(Records from a data source)
########################################
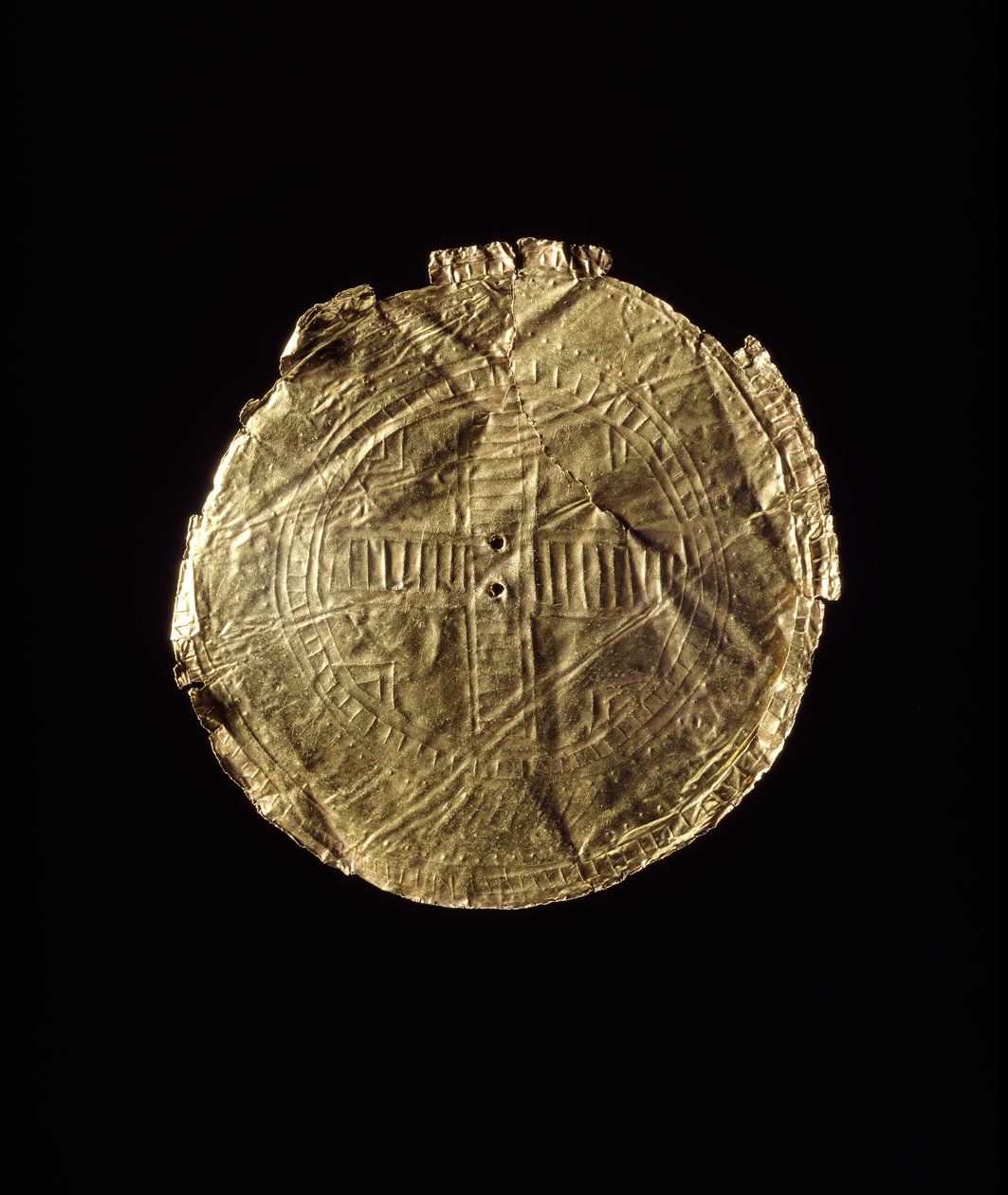 Ballyshannon Güneş Diski golfü by Early Bronze Age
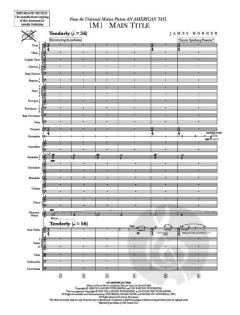 Feivel, der Mauswanderer  von James Horner 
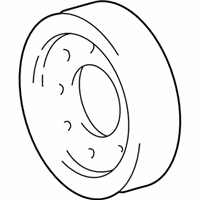 OEM 2005 Toyota Matrix Pulley - 16173-88600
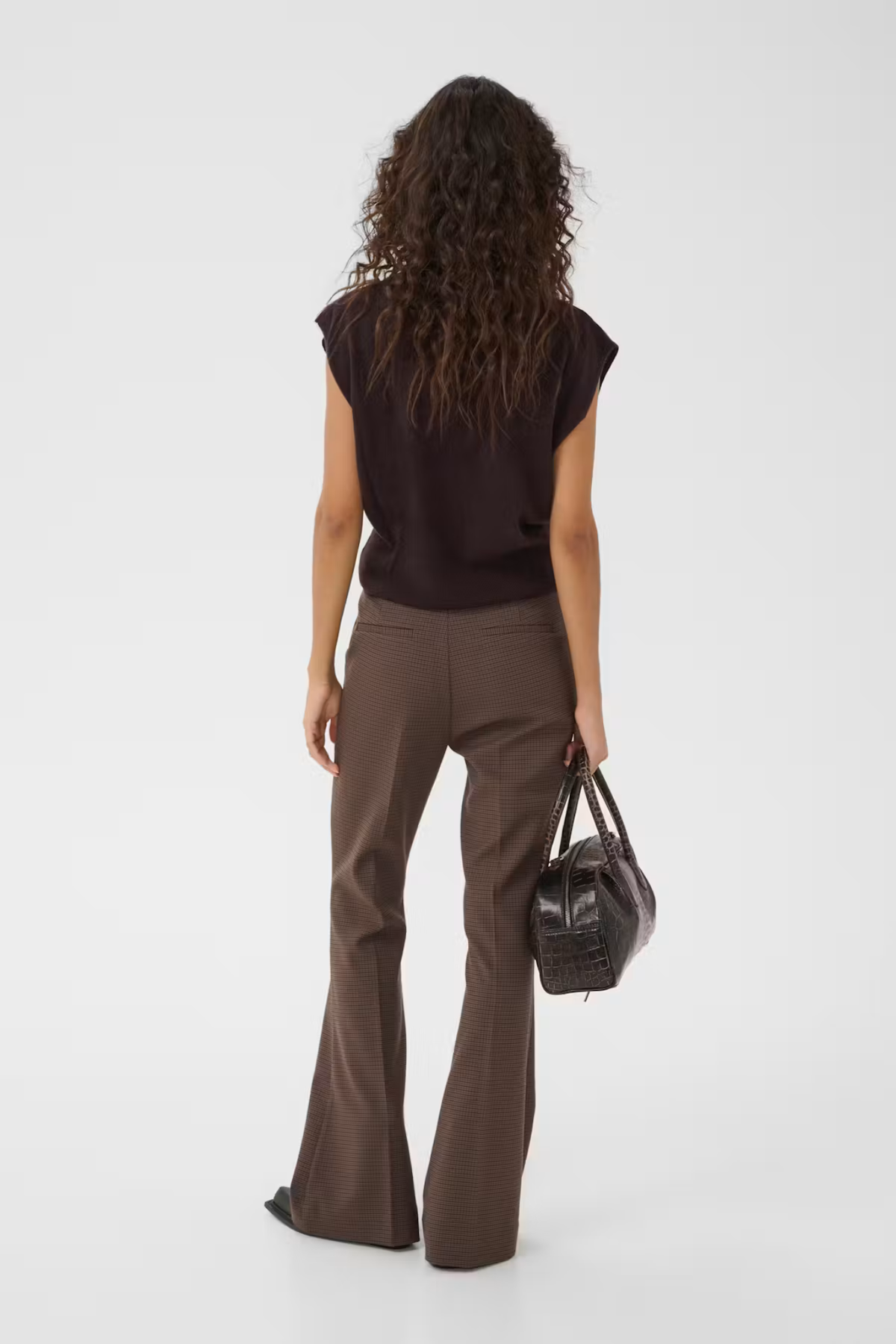 MANZI WAISTCOAT - GANACHE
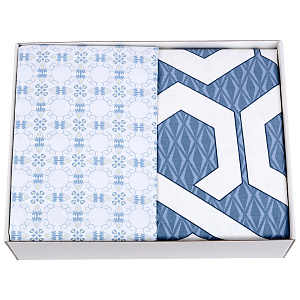 Комплект постельного белья Евро LUCKY Buenas noches Nectar Пододеяльник 220х200см простыня 215х240см наволочка 70х70см-2шт наволочка50х70см-2шт хлопок 000000000001212483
########################################
__TASK TO COMPLETE__
Output all the records above again exactly, with the pictures dropped.

__ANSWER SPACE__
 Ballyshannon Güneş Diski golfü by Early Bronze Age
 Feivel, der Mauswanderer  von James Horner 
 OEM 2005 Toyota Matrix Pulley - 16173-88600
 MANZI WAISTCOAT - GANACHE
 Комплект постельного белья Евро LUCKY Buenas noches Nectar Пододеяльник 220х200см простыня 215х240см наволочка 70х70см-2шт наволочка50х70см-2шт хлопок 000000000001212483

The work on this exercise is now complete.